Tasha recounts a run-in with a Little Brown rep at ALA that reinforces how messed up and confused pubs are when it comes to the lit blogosphere. The pubs that have a single person assigned to online marketing - someone who actually reads lit/book blogs for pleasure and thus has a clue about where things are happening and where they aren't - are much much easier to deal with for then those who can't tell one blog from the next. I think publishers are just spoiled to a certain degree - they are not used to having to figure all this stuff out (think about it - the review markets have been solidly set in print publications for decades if not centuries). Looking over my records I realized that I have not received a single book from Little Brown this year. Maybe 2010 will be better.
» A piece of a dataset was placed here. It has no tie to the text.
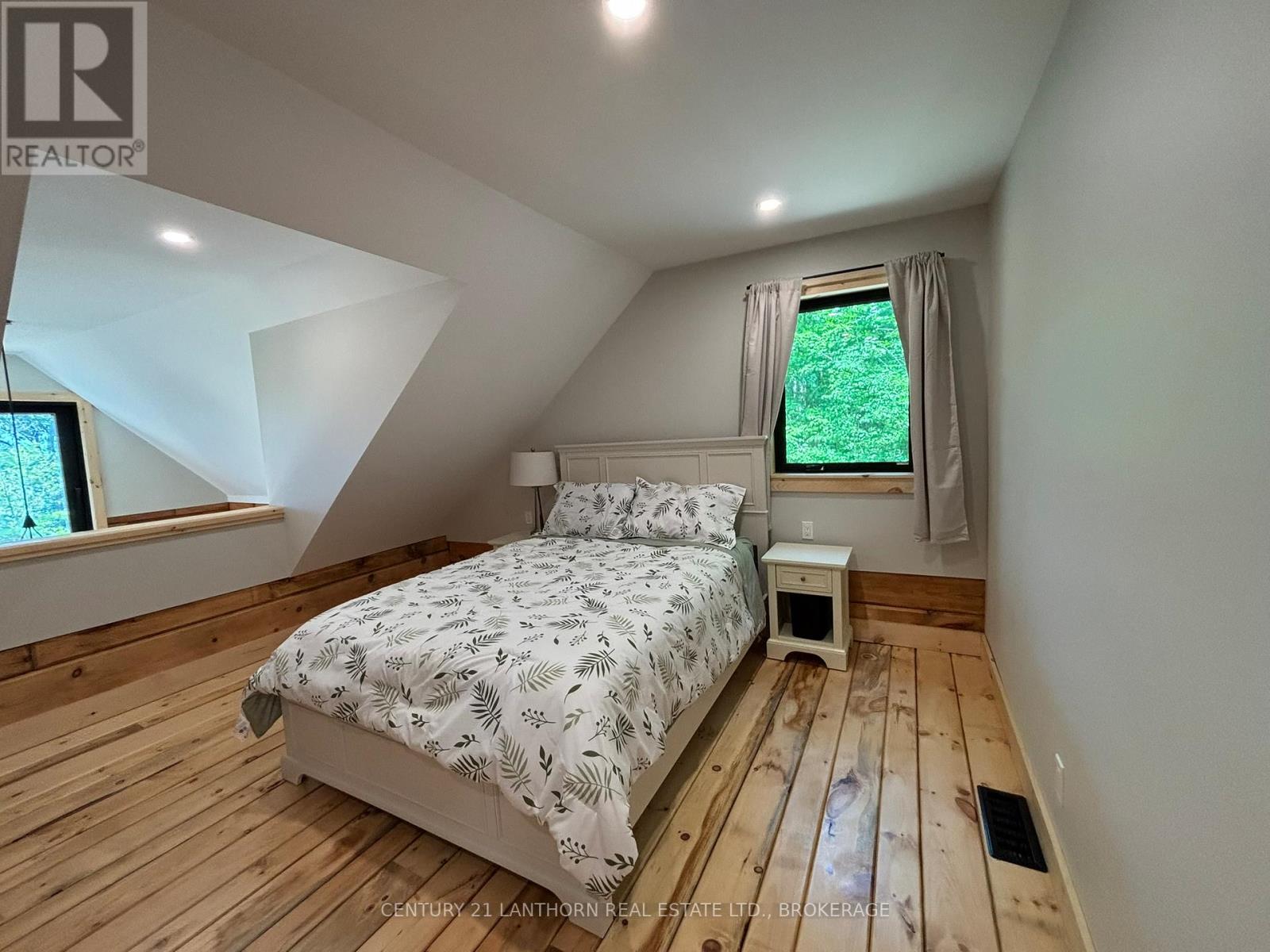 1120B WARRINGTON ROAD - 18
All the dramarama about boys reading books with female protagonists makes me think that we are just looking for things to argue about. First, anyone who suggests a boy should be able to pick up a book regardless of its female-centric cover has clearly never been to high school in the United States of America where judgment on every aspect of you life is the order of the day. Second, boys will read female protagonists who are interesting (I think Philip Pullman proved that) but they have no patience for a book where the girl moons about for chapters on end wondering if the boy likes her, if her friends like her, if anyone will ever like her again and if she should care. Do I exaggerate? Yes. But your average female teen protag is pretty damn moody (hello Twilight) and boys like more action. Give us a book with an active story centered around a girl and absent a girly cover and I think boys would read it just fine. Asking them to care otherwise or dismissing their opinion as misguided threats to masculinity for not being interested in Maureen Johnson's latest is just silly. (And if you think I'm wrong then ask the man nearest you right now the last time he read a Nora Roberts novel. I'm thinking it's been awhile....)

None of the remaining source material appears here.